• _What is needed_: For this exercise, output the entries below exactly from the line that holds "Papel De Seda" to the line that holds "SHEIN Vintaside Kids", both ends included. No pictures belong in the copy.

**** Exercise data

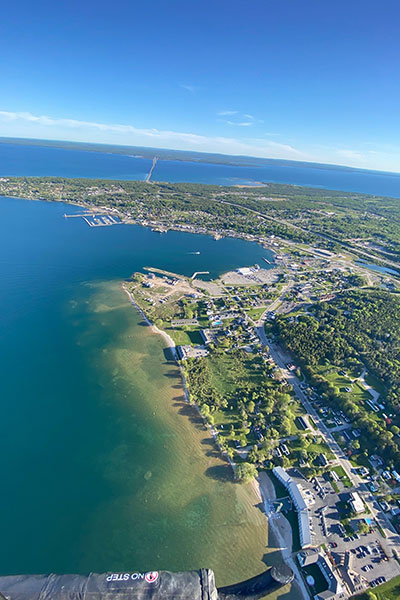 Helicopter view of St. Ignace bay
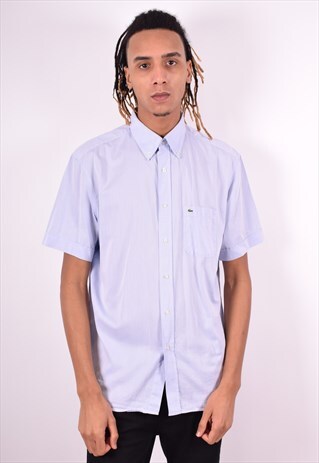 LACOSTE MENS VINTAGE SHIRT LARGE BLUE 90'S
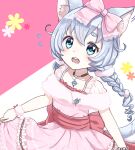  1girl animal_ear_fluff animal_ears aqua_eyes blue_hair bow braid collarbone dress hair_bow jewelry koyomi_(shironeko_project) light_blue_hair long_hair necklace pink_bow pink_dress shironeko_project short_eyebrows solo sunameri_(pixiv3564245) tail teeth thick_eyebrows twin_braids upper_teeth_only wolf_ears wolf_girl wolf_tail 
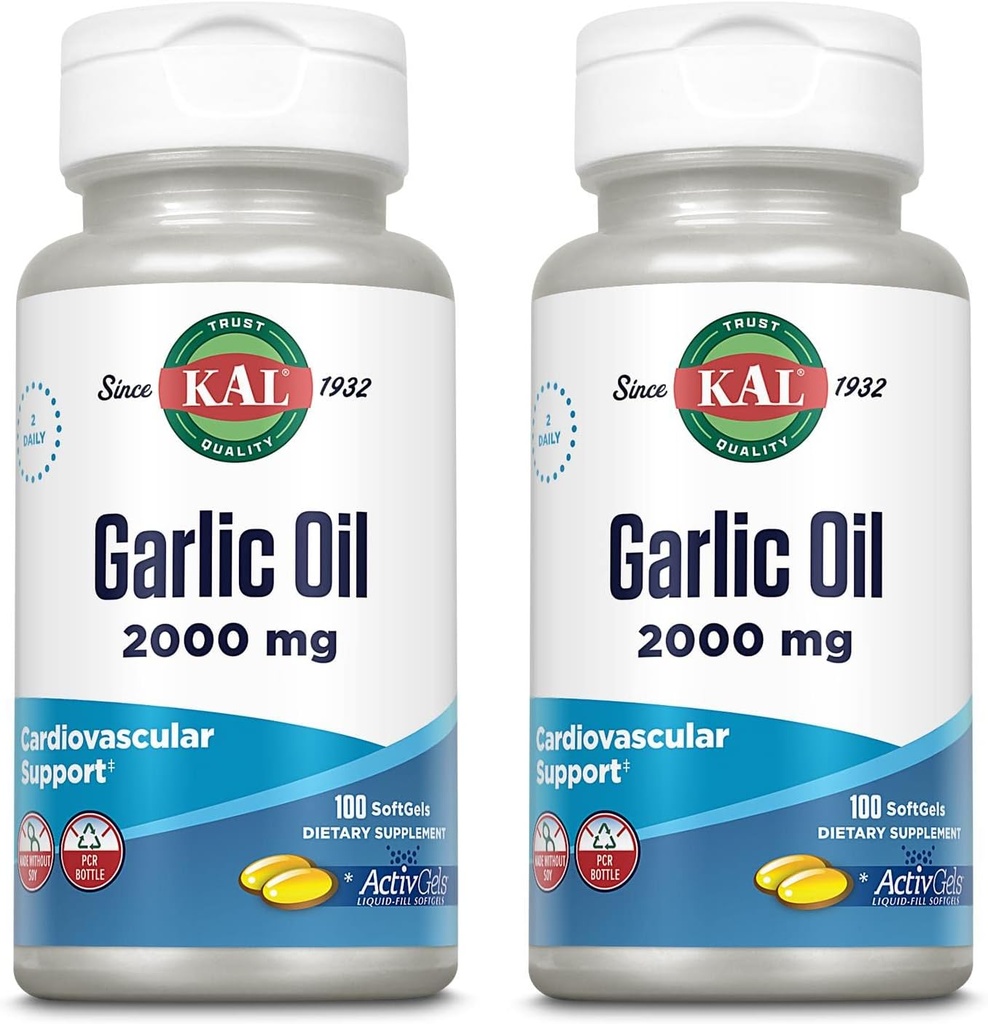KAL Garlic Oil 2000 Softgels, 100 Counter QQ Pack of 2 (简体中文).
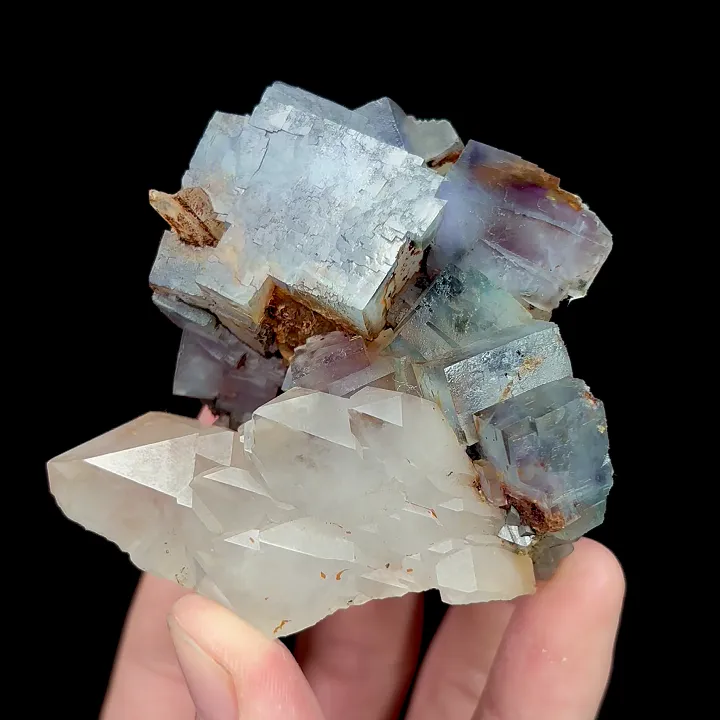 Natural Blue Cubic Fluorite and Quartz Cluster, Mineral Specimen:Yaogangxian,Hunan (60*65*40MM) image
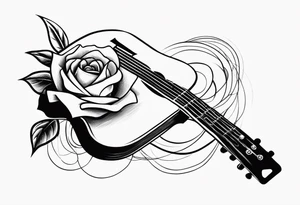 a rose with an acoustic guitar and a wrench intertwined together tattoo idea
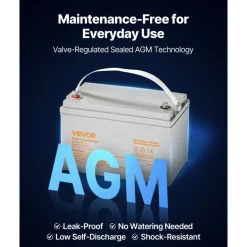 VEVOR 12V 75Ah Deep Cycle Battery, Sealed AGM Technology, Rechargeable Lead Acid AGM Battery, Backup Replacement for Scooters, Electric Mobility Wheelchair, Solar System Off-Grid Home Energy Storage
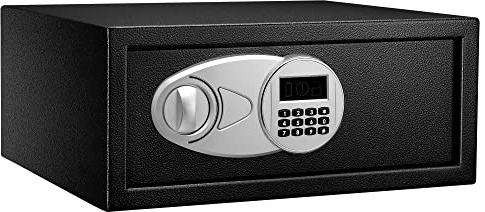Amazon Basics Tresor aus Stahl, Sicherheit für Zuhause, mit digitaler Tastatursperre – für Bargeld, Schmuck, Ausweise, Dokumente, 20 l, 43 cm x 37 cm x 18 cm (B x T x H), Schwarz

********
**** Exercise data

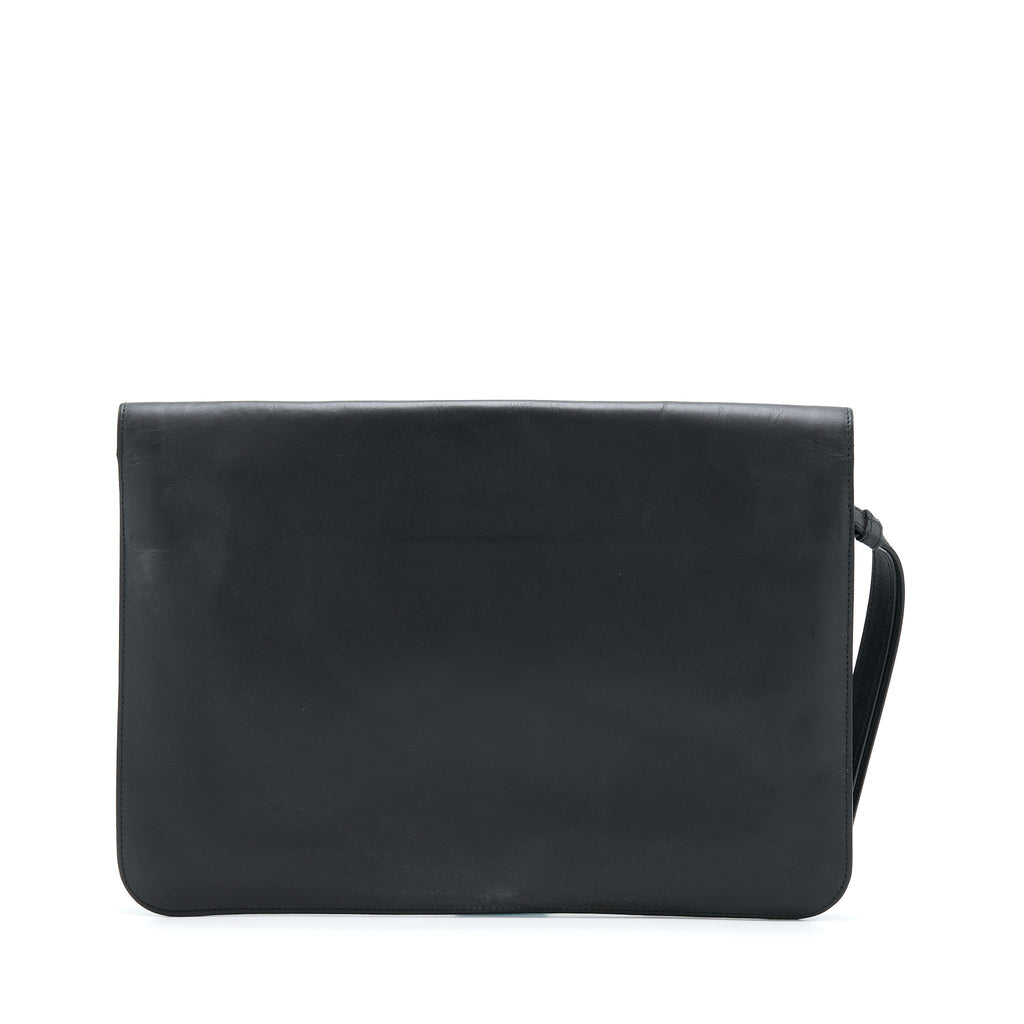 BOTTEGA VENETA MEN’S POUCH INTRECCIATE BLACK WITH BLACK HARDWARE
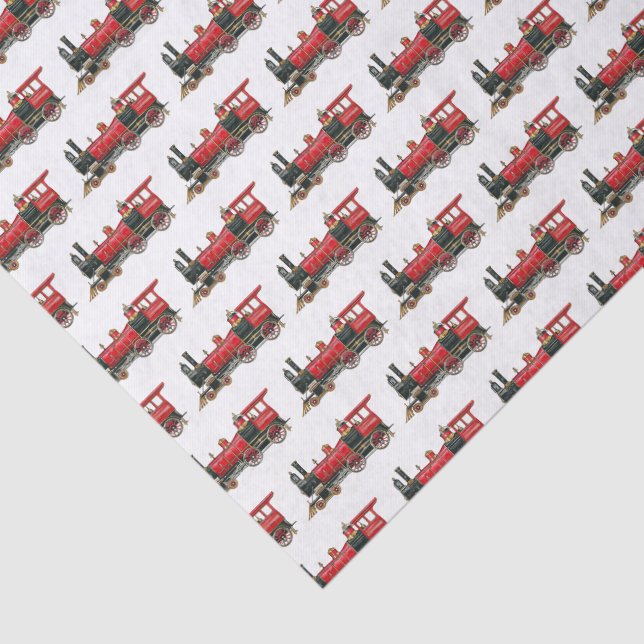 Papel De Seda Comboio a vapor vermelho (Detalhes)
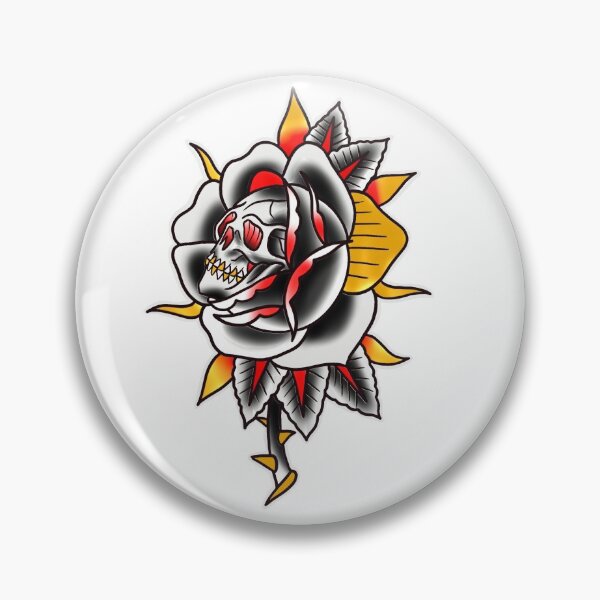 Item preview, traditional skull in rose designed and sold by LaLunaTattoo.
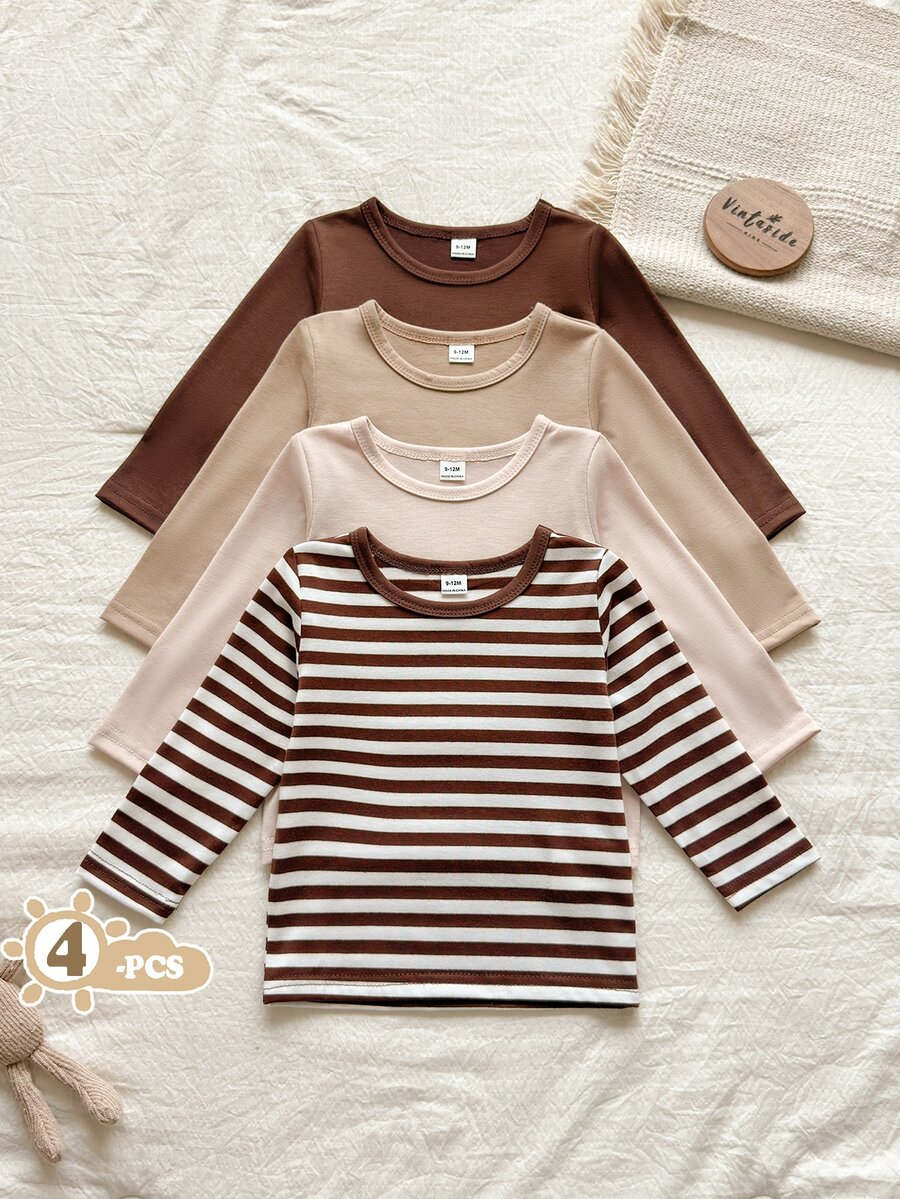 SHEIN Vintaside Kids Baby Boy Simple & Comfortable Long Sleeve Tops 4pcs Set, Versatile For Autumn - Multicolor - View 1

********
**** Exercise data

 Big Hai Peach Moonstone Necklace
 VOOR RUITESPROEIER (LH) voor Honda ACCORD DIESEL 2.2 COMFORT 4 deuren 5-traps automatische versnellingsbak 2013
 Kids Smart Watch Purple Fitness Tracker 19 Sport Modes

********

• _Problem solution_:
 Papel De Seda Comboio a vapor vermelho (Detalhes)
 Item preview, traditional skull in rose designed and sold by LaLunaTattoo.
 SHEIN Vintaside Kids Baby Boy Simple & Comfortable Long Sleeve Tops 4pcs Set, Versatile For Autumn - Multicolor - View 1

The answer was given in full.